INVESTORS welcomed the suspension of one of the main party rivals of South African President Cyril Ramaphosa, but his reform agenda had been too slowly implemented, said Reuters.
Secretary General of the ANC, Ace Magashule, was suspended from the party last week in order he face charges of corruption. This is in terms of a ‘step aside rule that was introduced by the party’s leadership in 2017 but which had taken until now to bring about. Magashule was seen as Ramaphosa’s main party rival and he publicly contradicted Ramaphosa on policy issues in the past.
“It shows an element of steel that has been missing,” Adrian Saville, a fund manager and economics professor at GIBS business school in Johannesburg, told Reuters. Magashule denies the corruption allegations and has called the charges he faces flimsy.
Areas where reform is desperately needed in South Africa include energy.
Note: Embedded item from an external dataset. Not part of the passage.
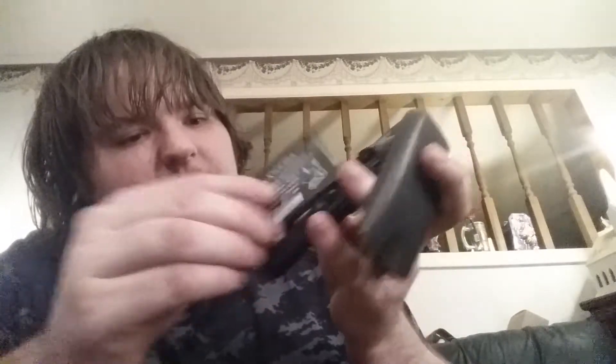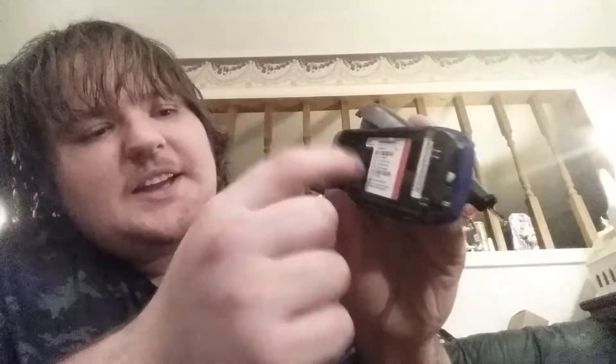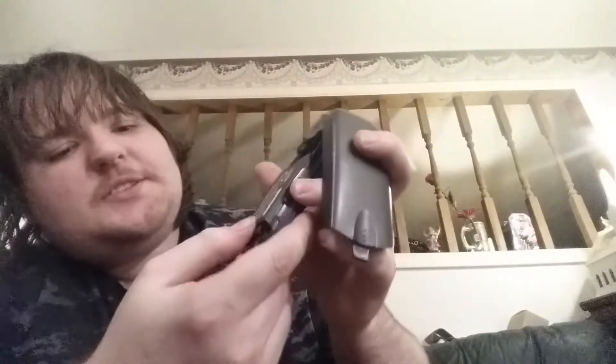I'm not even sure how the battery comes out — oh, it pulls right out. This phone definitely would not work as a phone, but I was wondering whether it would still actually come on and show you what it did. That's what it looked like on the inside. The battery just pops right back in there.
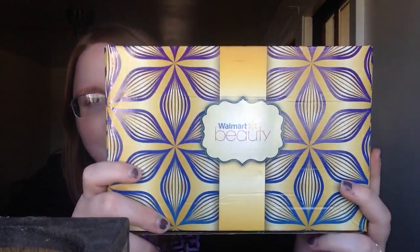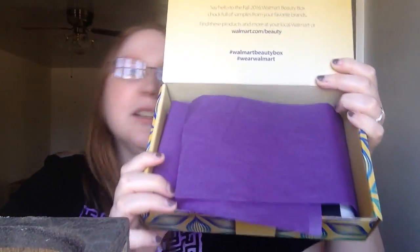The box is really cute! If you don't know what this is — it's quarterly, so they send you one in the spring, summer, fall, and winter, and it's five dollars flat. That's all you pay, and they send you all kinds of little beauty supplies. I did go ahead and open it up and I like what I see. It says: 'A fresh look for a fresh season — say hello to the Fall 2016 Walmart Beauty Box, chock full of samples from your favorite brands.'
Currently, red tape still prevents big companies from generating their own power despite state utility Eskom regularly implementing outages, said Reuters.
“The direction of travel is the right one, but the speed has been slow,” said Pavel Mamai, partner and portfolio manager at London-based ProMeritum Investment Management.
Changes to visa rules affecting skilled migration and the release of radio frequency spectrum for telecoms firms are two other areas where the president had not met expectations, said Peter Attard Montalto, head of research at Intellidex who tracks reforms under Ramaphosa.
“Magashule’s suspension is an important step, but it does not shift the dial on reform,” he told the newswire. “Factional politics is not blocking policy.”